Carbonatation is achieved by adding milk of lime [calcium hydroxide, Ca(OH)2] to the liquor and bubbling carbon dioxide through the mixture. The gas, which is obtained from the manufacture of the lime in the first place, reacts with the lime to form fine crystalline particles of calcium carbonate which occlude the solids. To obtain a stable floc, the pH and temperature of the reaction are carefully controlled. Beet factories use much more lime than cane factories, some 1 to 3% of CaO on beet is used.

The filtration is undertaken with rotary leaf filters where the liquor is pumped from the outside of the leaf to the middle where the clear liquor is collected or in a clarifier where settling occurs.

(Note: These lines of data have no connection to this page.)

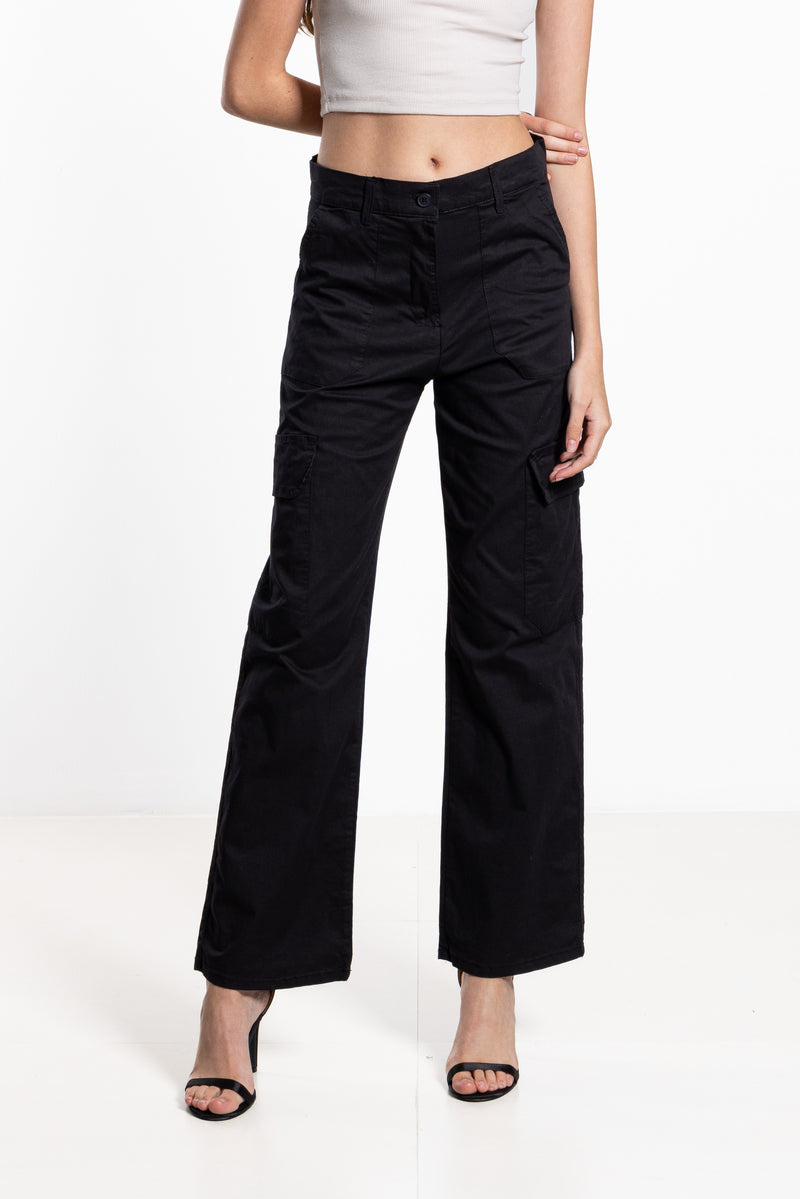 HIGH-WAIST CARGO TROUSERS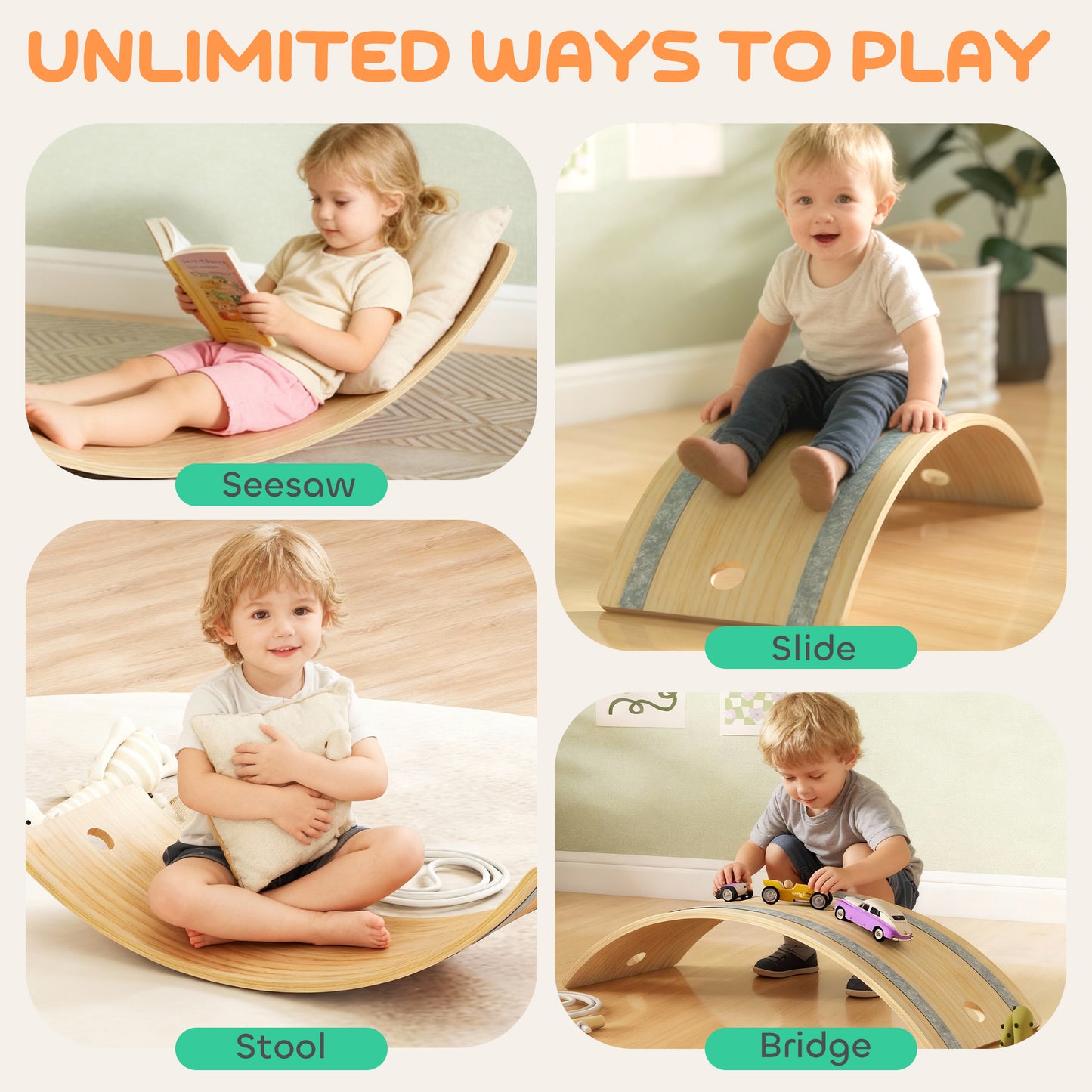 Kids Wooden Balance Board with Rope, Wooden Wobble Board with Felt for Sensory Play, for Toddler 3-6 Years Old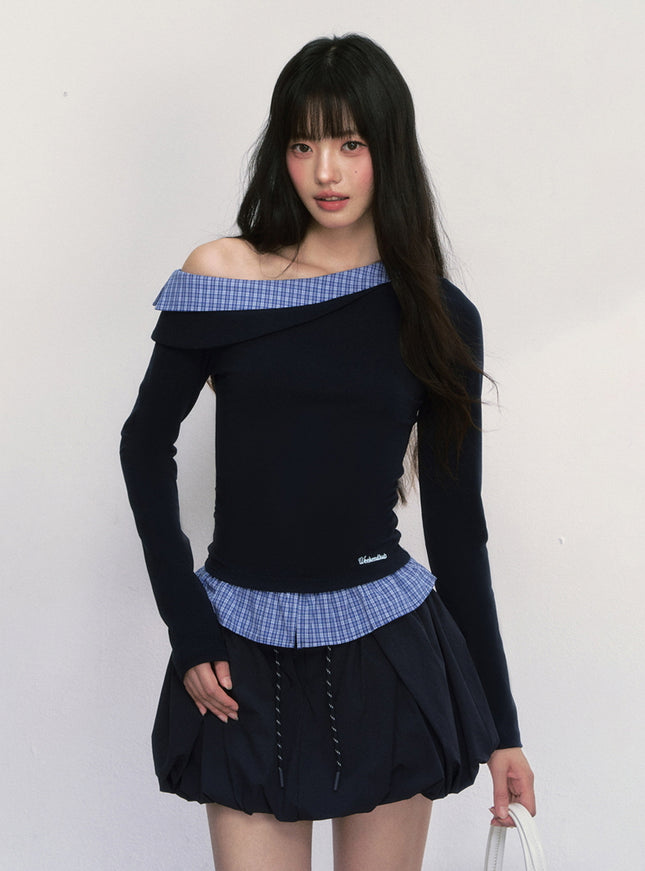 Off-Shoulder Check Trim Top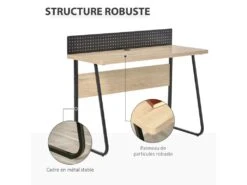 Bureau Secrétaire Style Industriel Dim. 110L X 48l X 90H Cm Châssis Métal Noir Plateau Support Panneaux Particules Chêne Clair 11 Bureau Secrétaire Style Industriel Dim. 110L X 48l X 90H Cm Châssis Métal Noir Plateau Support Panneaux Particules Chêne Clair -Meubles Soldes Boutique meuble bureau 14179977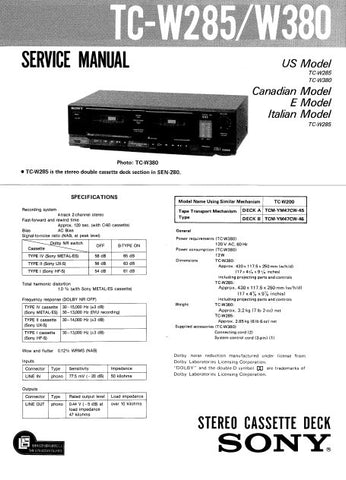 SONY TC-W285 TC-W300 STEREO CASSETTE TAPE DECK SERVICE MANUAL INC PCBS SCHEM DIAG AND PARTS LIST 18 PAGES ENG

As the layer of floc builds up in a leaf filter it increase the pressure drop across the system until the filter is effectively choked and taken off line for cleaning. The clarifier is run continuously however. The lime mud that is collected from either method is still wet with sugar liquor so it is de-sweetened by slurrying with water - the resultant sweet water is used elsewhere in the process - and re-filtering it to a mud with 50% or less moisture. The mud is then dumped or used as lime on fields.

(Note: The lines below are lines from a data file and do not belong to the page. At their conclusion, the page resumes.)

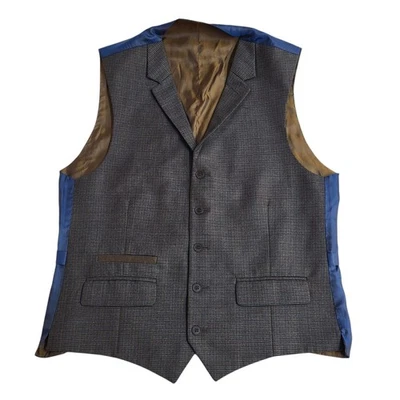 Vintage Wool Blend Waistcoat Formal Brown Blue Fine Check Collared Men's M 40" - Image 1 of 3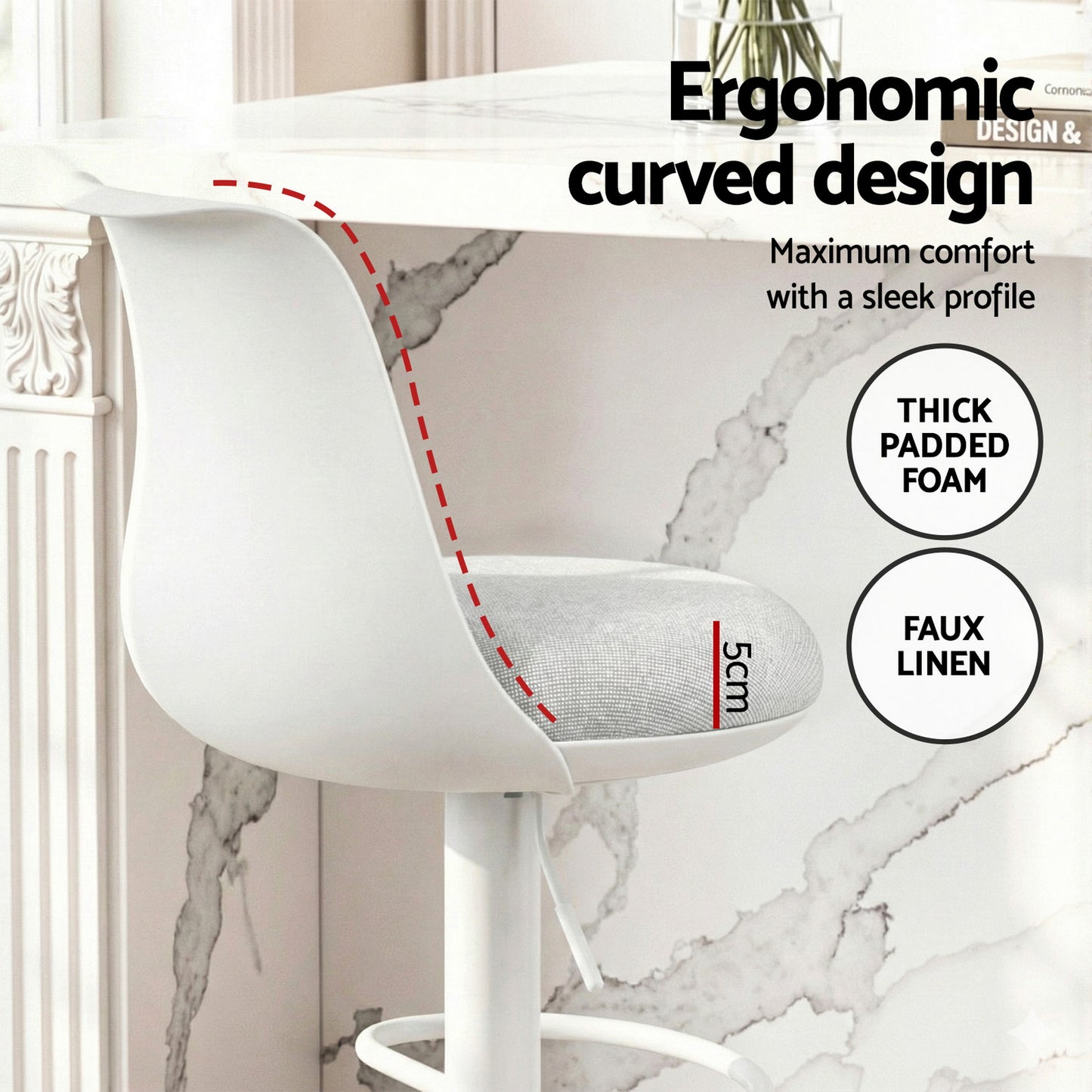 Set of 4 Ohrid Bar Stools Kitchen Swivel Gas Lift Counter Dining Chair Curved - White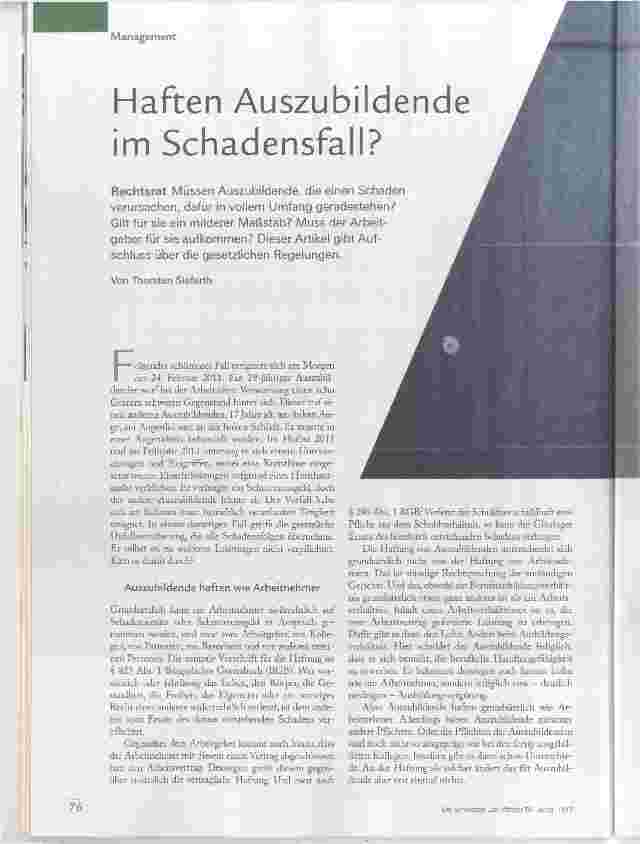 Vorschauseite 1: Haften Auszubildende im Schadensfall?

The efficiency of the factory depends substantially on the use of multiple effect evaporation, as with the raw cane sugar factory. It is even more important for the beet factory because there is no surplus fibre available to porvide fuel for the power house. The greater the number of effects, the less steam is required to drive the first effect. Each subsequent effect is heated by the vapour from the previous effect so has to be operated at a lower temperature and therefore lower pressure. In is not unusual to see 6 and sometimes 7 effects in a beet factory although many cane factories only have 3 or 4 effects.